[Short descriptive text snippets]

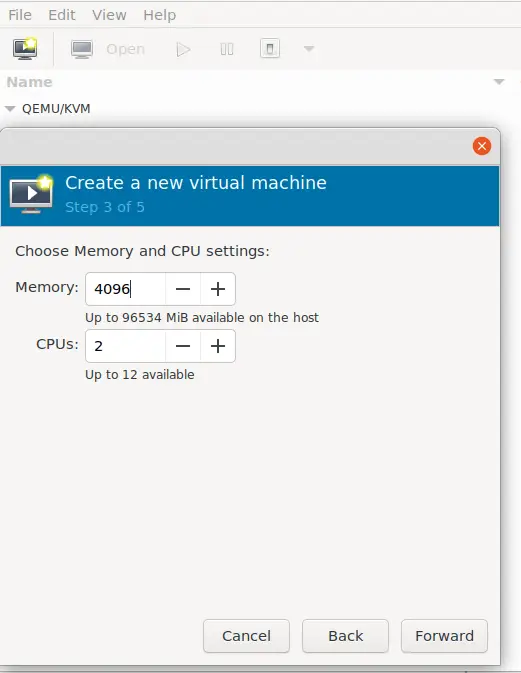 Choose Memory and CPU settings window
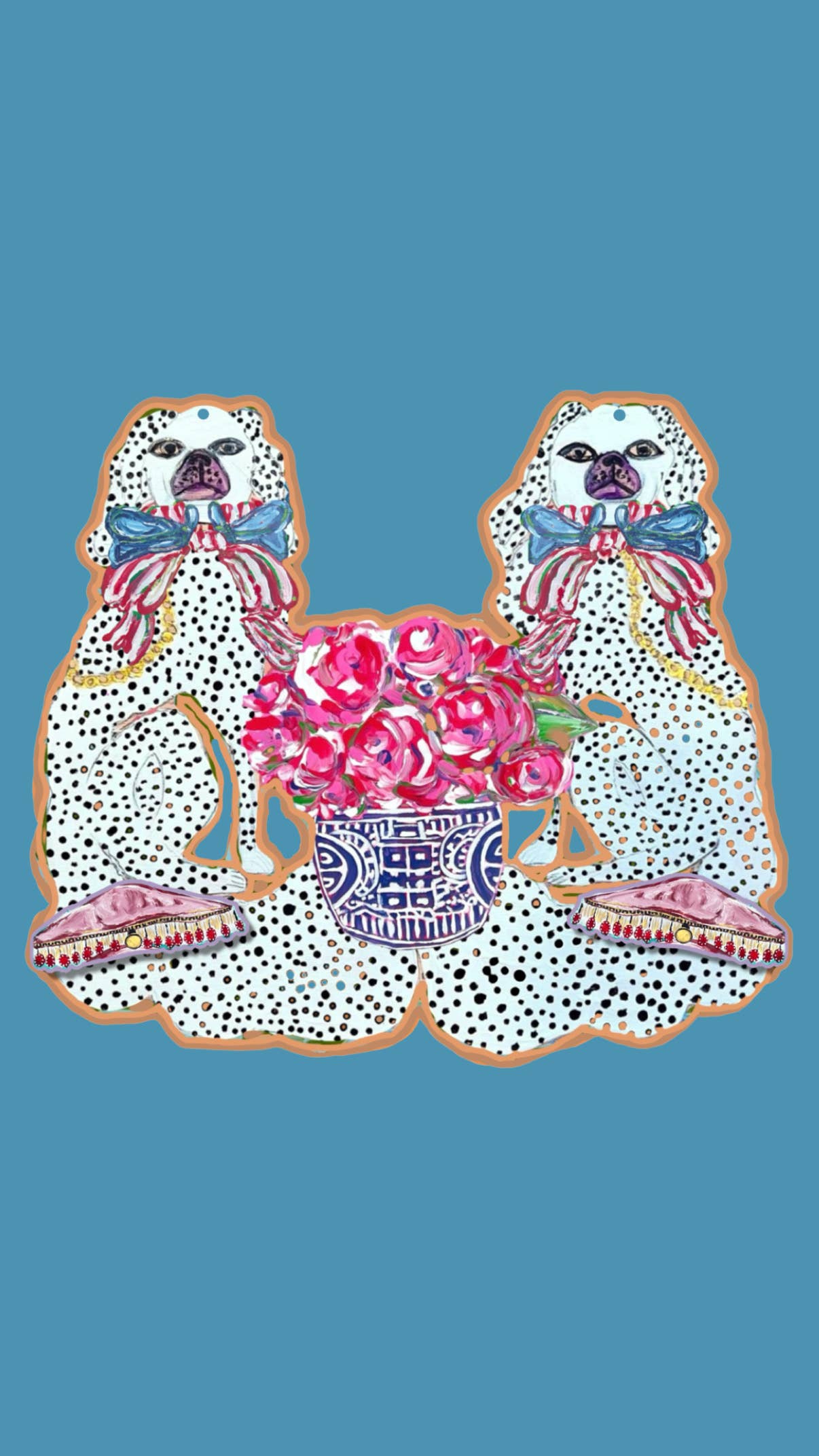 LARGE Designer Posh Pouf Staffies with Florals Door Hanger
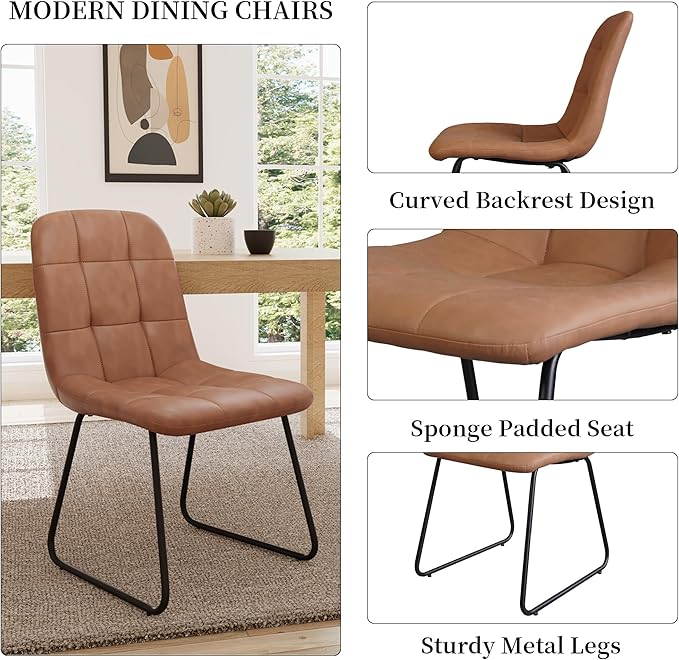 45.3 Inch Round Dining Table Set for 4, Mid Century Modern Small Kitchen Coffee Set for Dining Room Kitchen Apartment (Cream Table + 4 U-Shaped Brown Chairs)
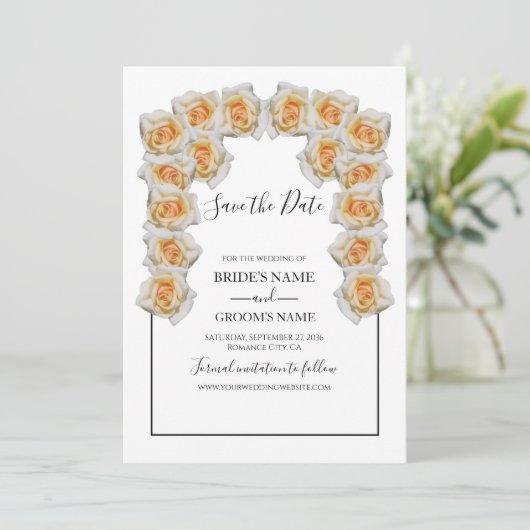 Rustikale Orangefarbene Rose sprengen das Datum Save The Date (Stehend Vorderseite)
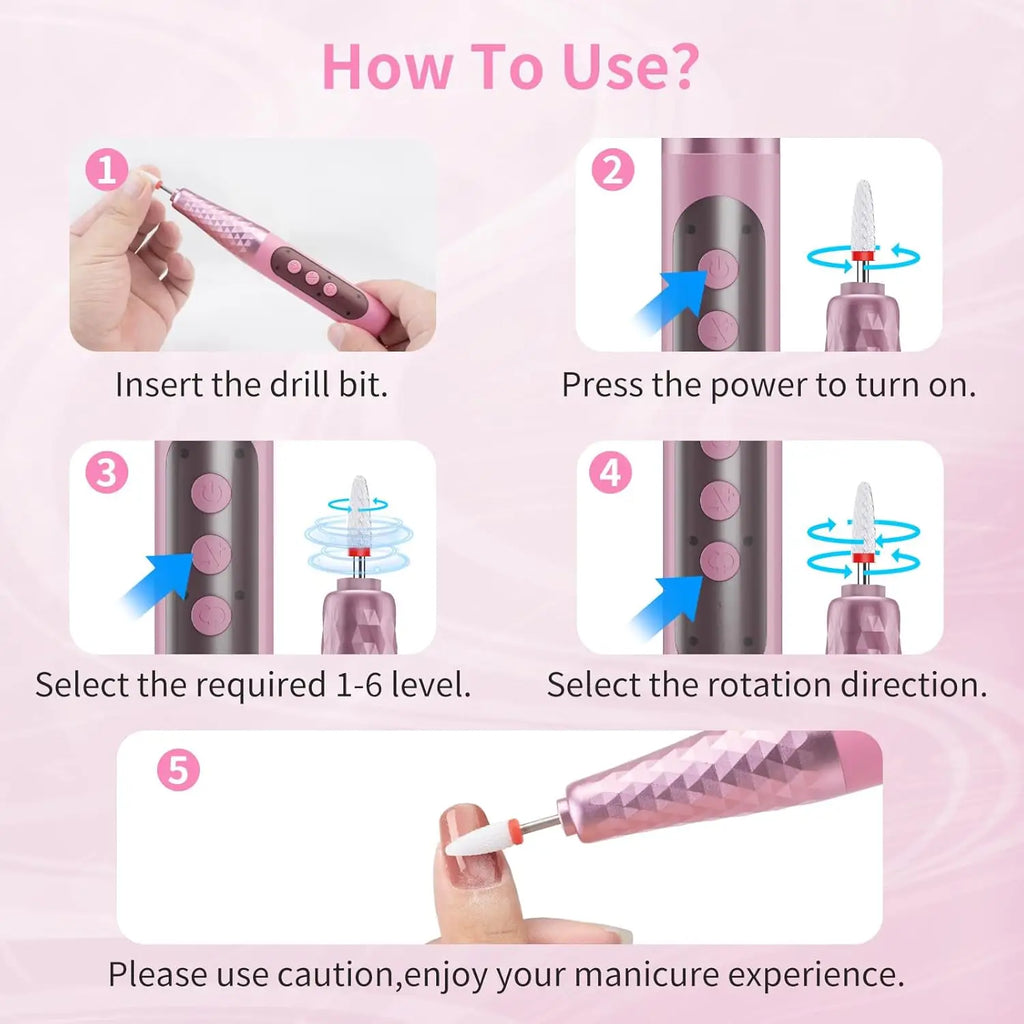 Cordless Electric Nail Drill Kit for Manicure and Pedicure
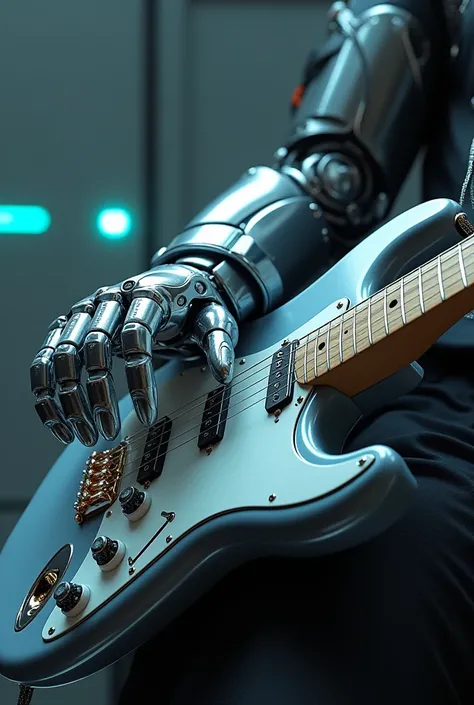 A futuristic hand playing the strings of a futuristic guitar.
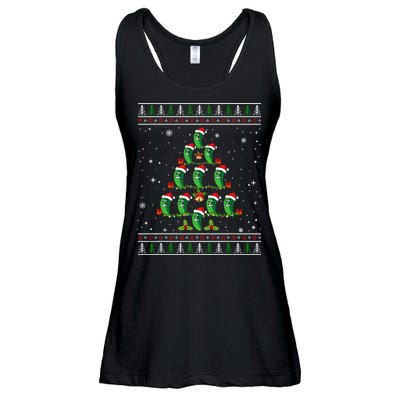 Pickle Xmas Tree Santa Hat Pickle Fruit Christmas Ugly Ladies Essential Flowy Tank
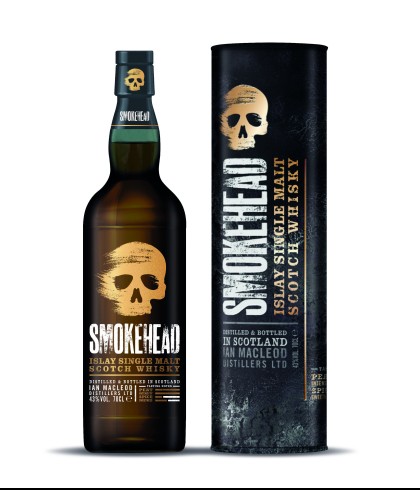 Fles Smokehead Islay Single Malt, geturfde Islay single malt, op voorraad bij slijterij t Bockje in Bathmen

Your task: Return every record above exactly as written, but drop the pictures.

Result of this task:
 Choose Memory and CPU settings window
 LARGE Designer Posh Pouf Staffies with Florals Door Hanger
 45.3 Inch Round Dining Table Set for 4, Mid Century Modern Small Kitchen Coffee Set for Dining Room Kitchen Apartment (Cream Table + 4 U-Shaped Brown Chairs)
 Rustikale Orangefarbene Rose sprengen das Datum Save The Date (Stehend Vorderseite)
 Cordless Electric Nail Drill Kit for Manicure and Pedicure
 A futuristic hand playing the strings of a futuristic guitar.
 Pickle Xmas Tree Santa Hat Pickle Fruit Christmas Ugly Ladies Essential Flowy Tank
 Fles Smokehead Islay Single Malt, geturfde Islay single malt, op voorraad bij slijterij t Bockje in Bathmen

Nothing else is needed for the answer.